TASK TO CARRY OUT: After locating the line that contains "Padel Tennis Spieler", give that line and all the rest through the end of the entries again exactly, leaving the pictures out.

DATA:
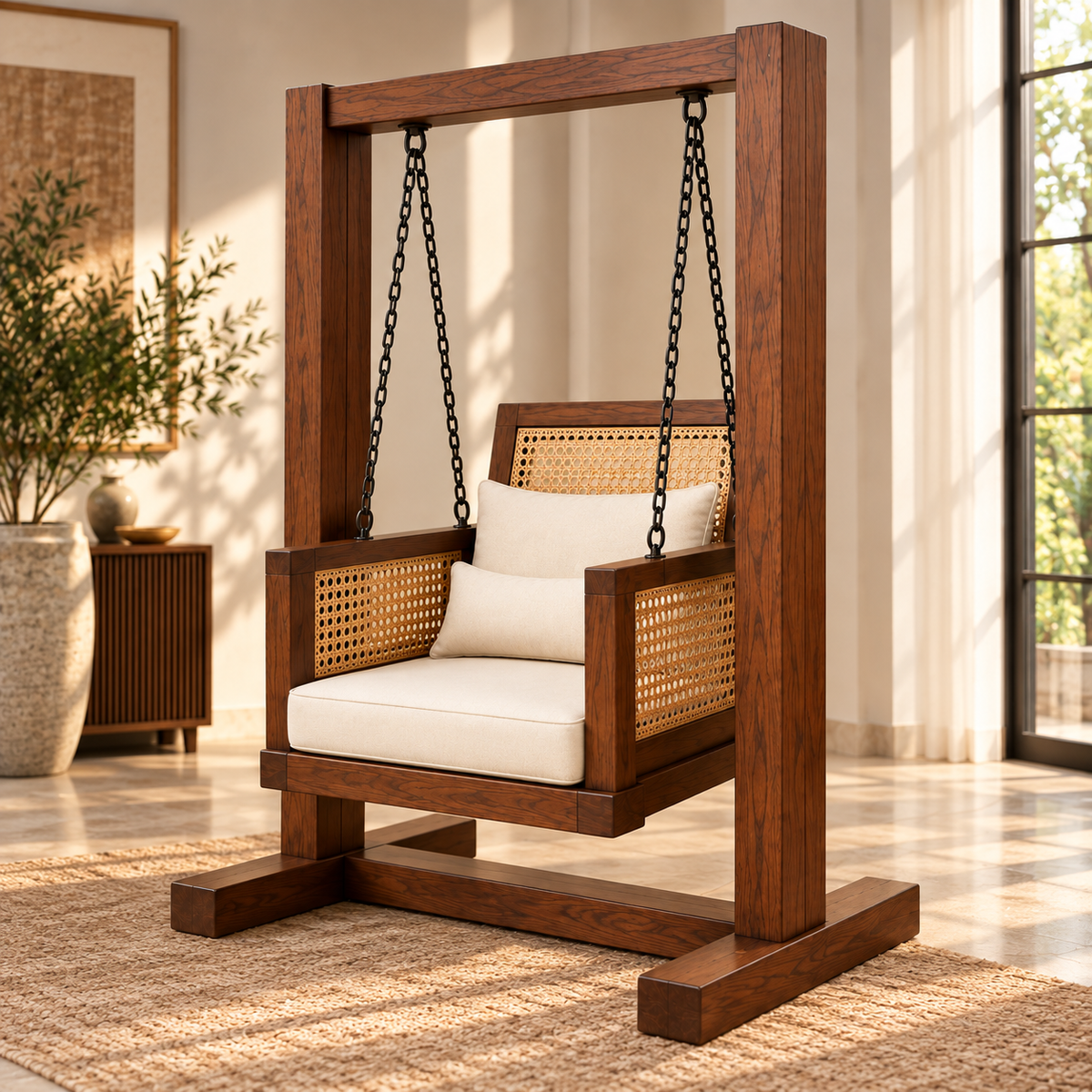 Premium Solid Wood Swing Chair with Cane Back & Cream Cushions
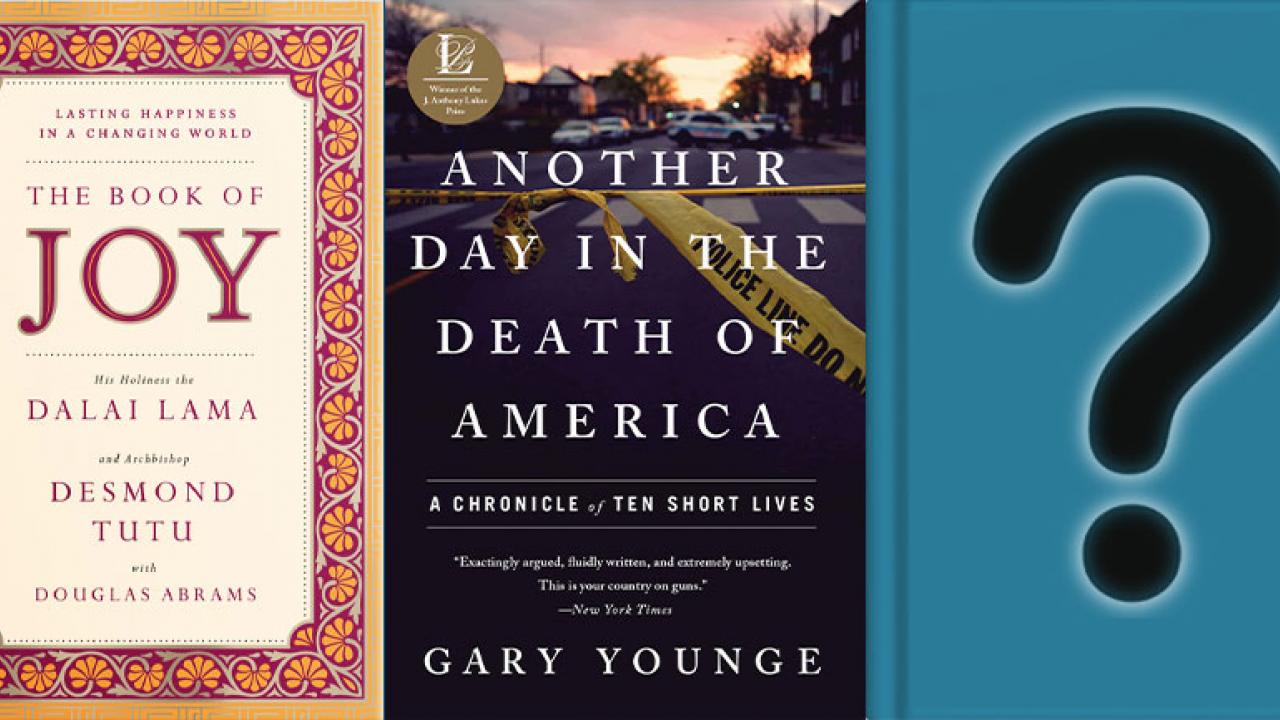 3 book covers: "The Book of Joy," "Another Day in the death of America" and question mark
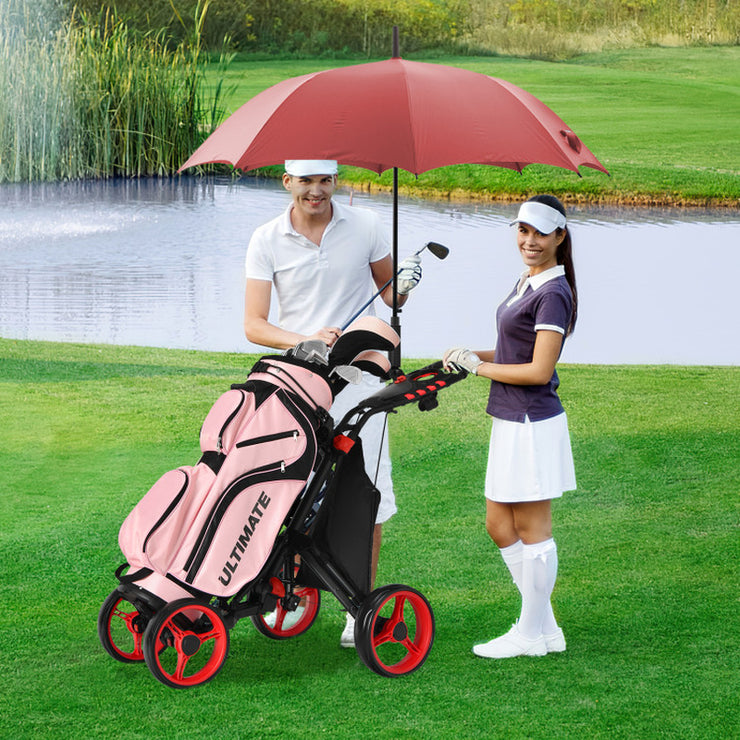 4 Wheel Golf Push Pull Cart with Foot Brake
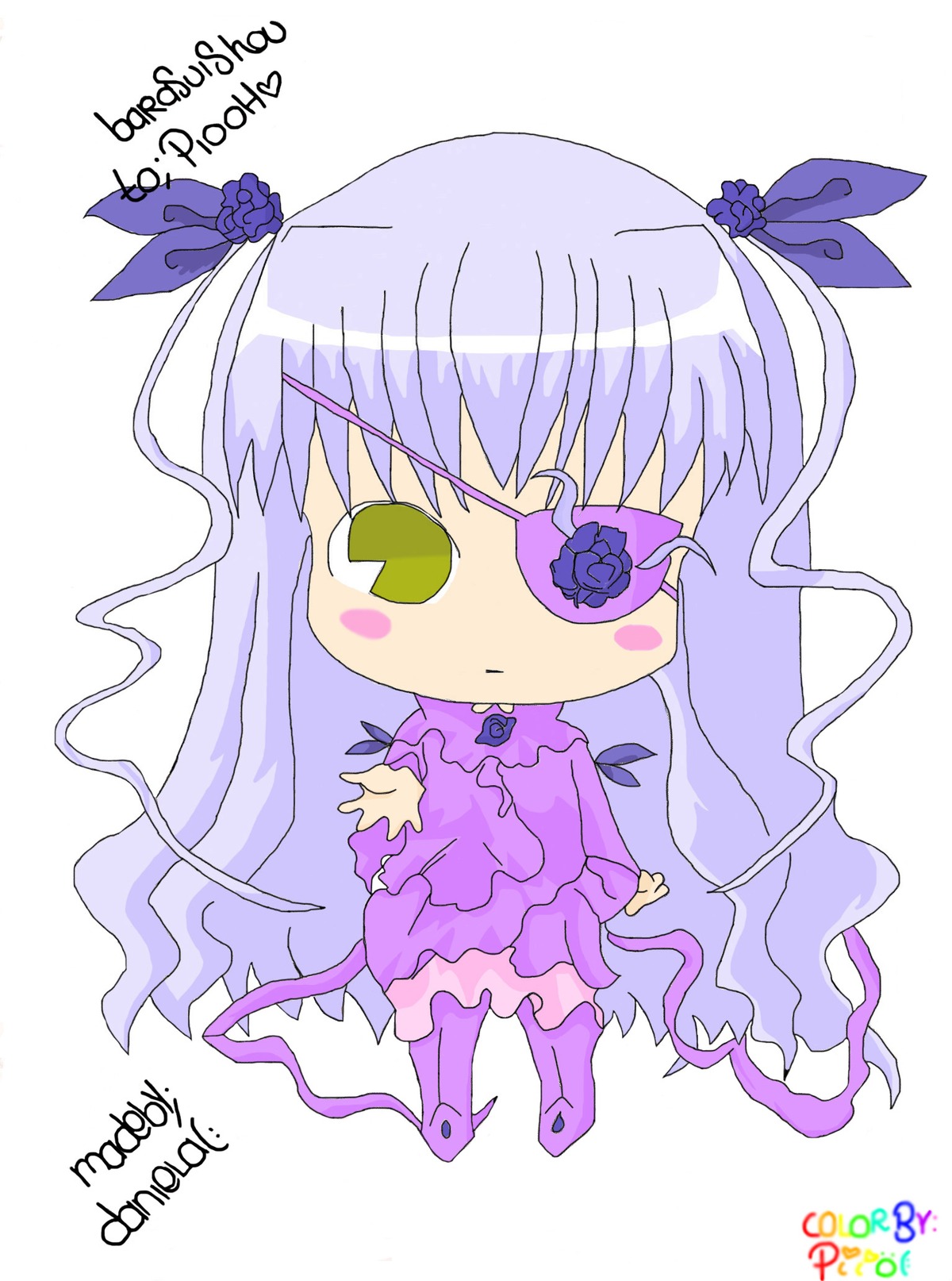 1girl :< artist_name barasuishou character_name chibi dated dress eyepatch flower full_body hair_ribbon image long_hair long_sleeves purple_dress purple_legwear ribbon rose signature solo standing striped vertical_stripes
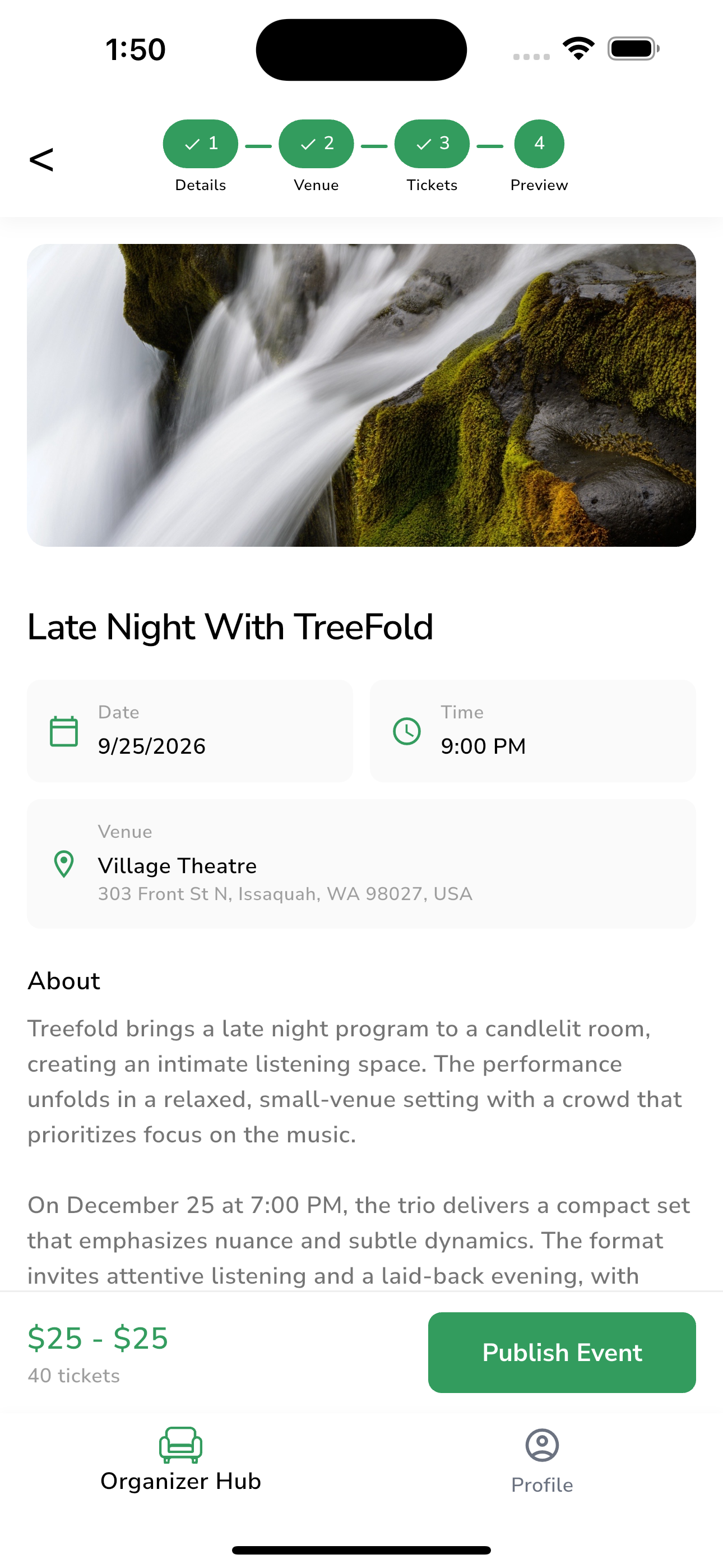 Fast event setup with description helper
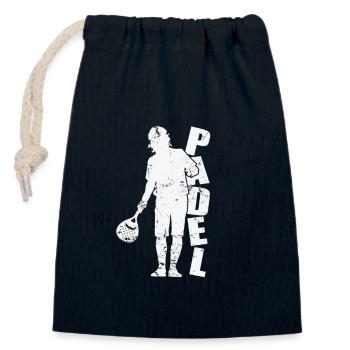 Padel Tennis Spieler mit Padelschläger - Verschließbarer Geschenkbeutel aus Baumwolle (14x20cm) - Navy - Vorne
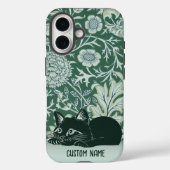 キュートキャットフローラアールヌーボーグリーン名前をカスタムする Case-Mate iPhoneケース (裏面)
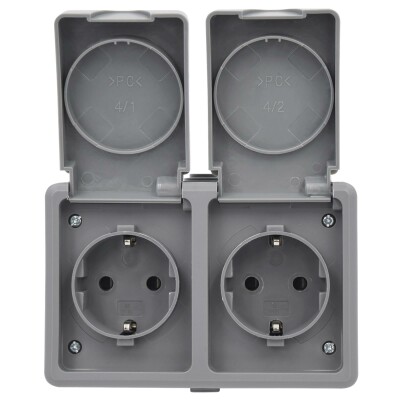 Feuchtraum Doppel-Steckdose McPower Secure 250V~/16A IP44 AP grau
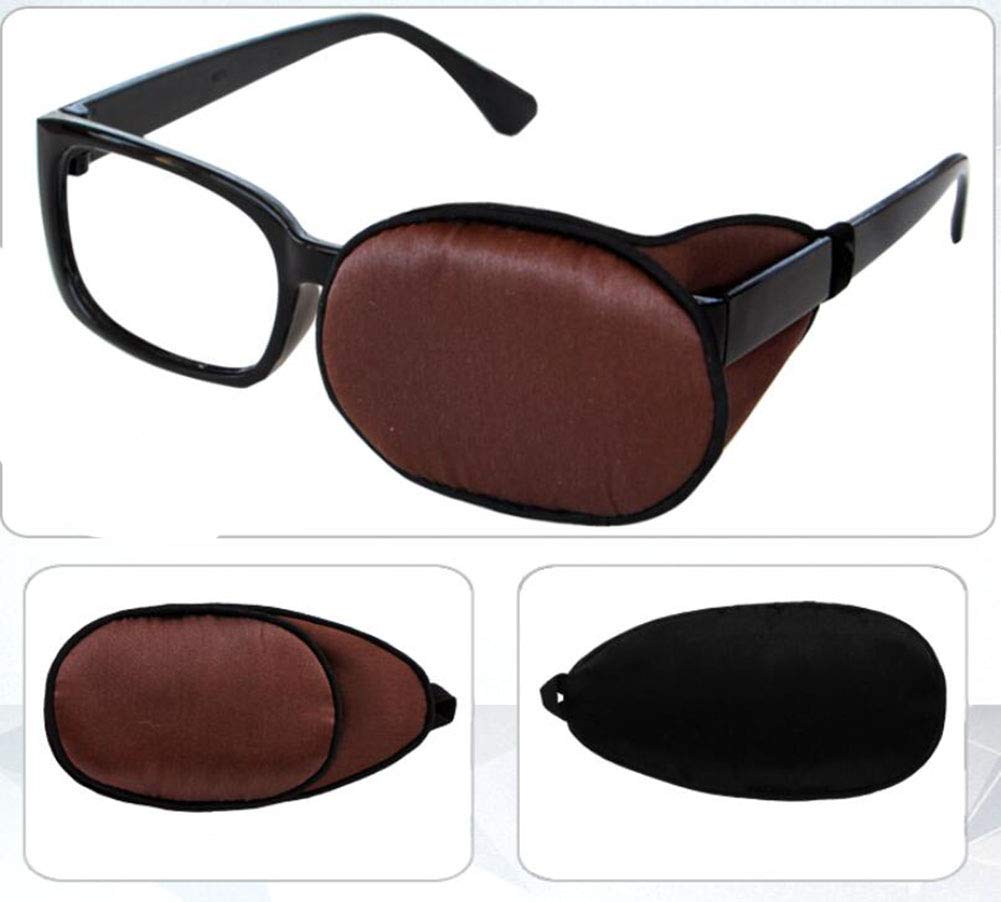 Kid/Adult Visual Acuity Recovery Silk Eye Mask Training Amblyopia Strabismus Corrected Lazy Eye Patches for Glasses(Brown)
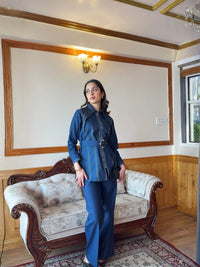 Deep Blue Denim Co-ord Set With Belt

YOUR RESPONSE:
 Padel Tennis Spieler mit Padelschläger - Verschließbarer Geschenkbeutel aus Baumwolle (14x20cm) - Navy - Vorne
 キュートキャットフローラアールヌーボーグリーン名前をカスタムする Case-Mate iPhoneケース (裏面)
 Feuchtraum Doppel-Steckdose McPower Secure 250V~/16A IP44 AP grau
 Kid/Adult Visual Acuity Recovery Silk Eye Mask Training Amblyopia Strabismus Corrected Lazy Eye Patches for Glasses(Brown)
 Deep Blue Denim Co-ord Set With Belt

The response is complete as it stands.